Market Commentary

Updated on December 1, 2021 10:08:07 AM EST

We saw a reversal of yesterday's early morning rally after Fed Chairman Powell signaled the Fed may need to start tapering bond purchases at a quicker rate than previously thought. He also appeared to acknowledge that inflation is no longer “transitory” during his testimony before the Senate Banking Committee, indicating the Fed may need to be more aggressive in controlling it. Inflation is the number one nemesis of the bond market, making longer term securities less appealing to investors when it is rising. As a result, bonds quickly fell into negative territory late morning yesterday and struggled to recover throughout the day. Many lenders revised rates higher before the end of the day.

This morning's economic data has failed to hurt bonds or help them, despite one being a highly important release. The first report was November's ADP Employment report at 8:15 AM ET that revealed 534,000 new private-sector jobs were added back to the economy last month. This was a decline from October's revised 570,000 payrolls but higher than expectations. Technically, the number should be negative news for bonds and mortgage rates. Fortunately though, we haven't seen much of a response to the report.

Today's more important release was November's Institute for Supply Management's (ISM) manufacturing index at 10:00 AM ET. It came in at 61.1, nearly matching forecasts that had called for a modest increase from October's 60.8 reading. An increase means more surveyed manufacturing executives felt business improved during the month than the previous month. This is a sign of strength in the sector, causing us to label the report slightly negative for rates.

Fed Chairman Powell is speaking to the House Financial Services Committee today, also part of the Coronavirus Aid act. As we saw, his words caused mayhem yesterday. There is a possibility of it being addressed in the Q&A part of the proceedings. His response and how the markets react could lead to another intraday revision to mortgage pricing today.

We have a fourth item to watch later today when the Federal Reserve's Beige Book is released at 2:00 PM ET. This report is named simply after the color of its cover and details economic conditions throughout the U.S. by Fed region through business contacts.

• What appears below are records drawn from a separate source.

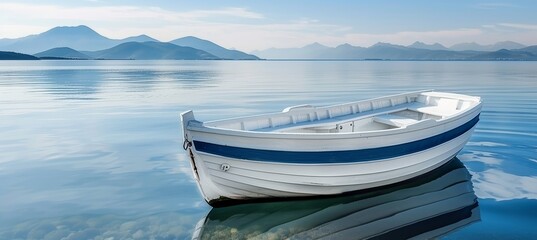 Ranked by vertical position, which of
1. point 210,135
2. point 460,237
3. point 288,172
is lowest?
point 460,237

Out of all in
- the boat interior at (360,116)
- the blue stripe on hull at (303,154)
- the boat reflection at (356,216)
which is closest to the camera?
the boat reflection at (356,216)

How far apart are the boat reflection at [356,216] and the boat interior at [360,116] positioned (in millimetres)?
1757

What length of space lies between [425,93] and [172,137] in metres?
9.86

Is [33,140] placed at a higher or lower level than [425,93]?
lower

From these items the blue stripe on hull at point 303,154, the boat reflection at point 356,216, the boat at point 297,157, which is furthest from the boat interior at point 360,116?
the boat reflection at point 356,216

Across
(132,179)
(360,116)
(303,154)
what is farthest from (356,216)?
(132,179)

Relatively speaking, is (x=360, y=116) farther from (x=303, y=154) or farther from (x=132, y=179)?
(x=132, y=179)

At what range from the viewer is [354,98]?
97.2 feet

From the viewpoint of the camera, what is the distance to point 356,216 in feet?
27.8

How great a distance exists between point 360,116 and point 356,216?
4585 mm

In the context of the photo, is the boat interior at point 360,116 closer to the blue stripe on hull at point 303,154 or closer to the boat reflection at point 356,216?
the blue stripe on hull at point 303,154

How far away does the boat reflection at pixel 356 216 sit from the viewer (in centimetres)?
784

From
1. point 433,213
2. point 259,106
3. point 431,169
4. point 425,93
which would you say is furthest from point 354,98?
point 433,213

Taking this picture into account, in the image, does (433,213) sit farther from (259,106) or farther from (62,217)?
(259,106) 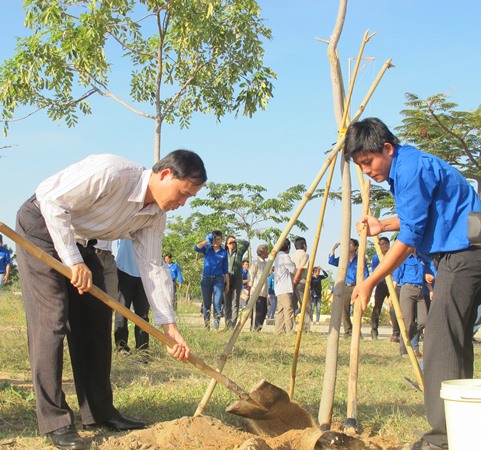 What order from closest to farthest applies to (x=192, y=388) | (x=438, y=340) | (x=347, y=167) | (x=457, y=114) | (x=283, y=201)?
(x=438, y=340), (x=347, y=167), (x=192, y=388), (x=457, y=114), (x=283, y=201)

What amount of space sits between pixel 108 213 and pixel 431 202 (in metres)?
1.63

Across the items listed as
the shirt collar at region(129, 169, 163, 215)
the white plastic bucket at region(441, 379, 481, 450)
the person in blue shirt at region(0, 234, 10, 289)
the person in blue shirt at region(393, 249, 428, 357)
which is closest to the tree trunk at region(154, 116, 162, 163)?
the person in blue shirt at region(393, 249, 428, 357)

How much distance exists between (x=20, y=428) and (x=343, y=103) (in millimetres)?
2759

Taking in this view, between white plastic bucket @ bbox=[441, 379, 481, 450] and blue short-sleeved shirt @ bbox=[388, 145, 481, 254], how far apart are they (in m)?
0.84

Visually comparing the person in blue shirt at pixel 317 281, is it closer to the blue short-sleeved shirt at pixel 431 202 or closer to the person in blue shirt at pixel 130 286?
the person in blue shirt at pixel 130 286

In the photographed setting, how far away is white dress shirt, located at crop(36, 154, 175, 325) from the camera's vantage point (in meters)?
3.37

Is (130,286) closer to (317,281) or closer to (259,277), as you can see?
(259,277)

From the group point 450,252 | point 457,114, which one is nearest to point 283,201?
point 457,114

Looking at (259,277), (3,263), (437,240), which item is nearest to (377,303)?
(259,277)

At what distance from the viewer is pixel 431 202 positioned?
3375 millimetres

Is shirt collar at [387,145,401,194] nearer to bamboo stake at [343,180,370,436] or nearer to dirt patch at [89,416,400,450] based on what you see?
bamboo stake at [343,180,370,436]

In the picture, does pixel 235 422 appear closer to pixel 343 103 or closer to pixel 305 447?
pixel 305 447

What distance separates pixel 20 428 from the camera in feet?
12.9

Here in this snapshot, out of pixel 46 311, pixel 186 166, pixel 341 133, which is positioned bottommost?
pixel 46 311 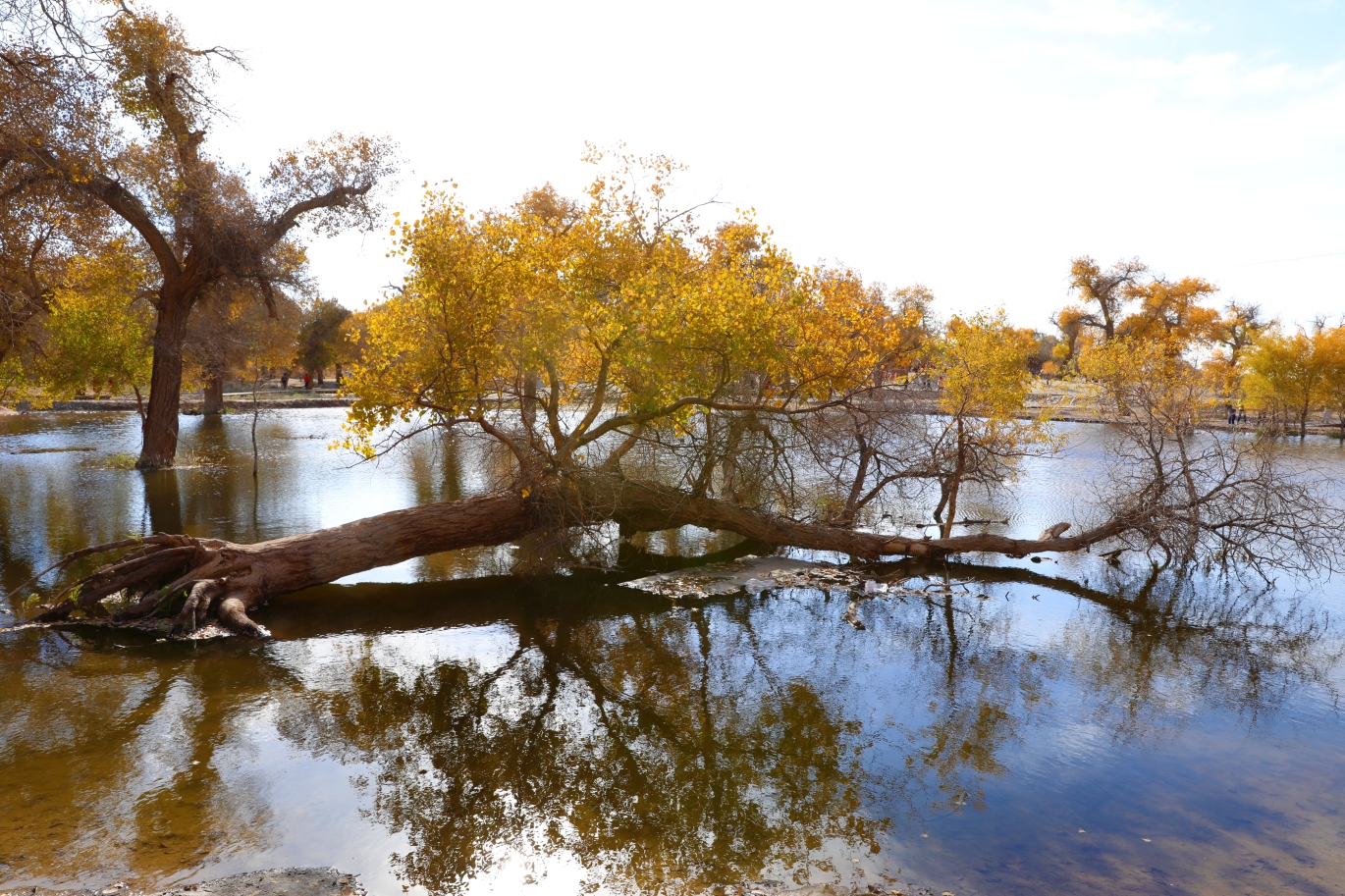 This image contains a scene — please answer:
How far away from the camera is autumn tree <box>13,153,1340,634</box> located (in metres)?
10.2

Since the Fed uses this info during their FOMC meetings, its results can have a fairly big impact on the financial markets and mortgage rates if it reveals any surprises. Of particular interest is information regarding inflation, unemployment or future hiring. If there is a reaction to the report, it will come during mid-afternoon trading.

Tomorrow has no monthly economic data scheduled for release, but last week's unemployment figures will be posted at 8:30 AM ET. They are expected to show 250,000 new claims for unemployment benefits were made last week. Rising claims is a sign of weakness in the employment sector. Therefore, the higher the number, the better the news it is for rates. Worth noting though, this is only a weekly snapshot and the monthly Employment report will be posted Friday morning. This minimizes the likelihood of the weekly report affecting tomorrow's mortgage rates.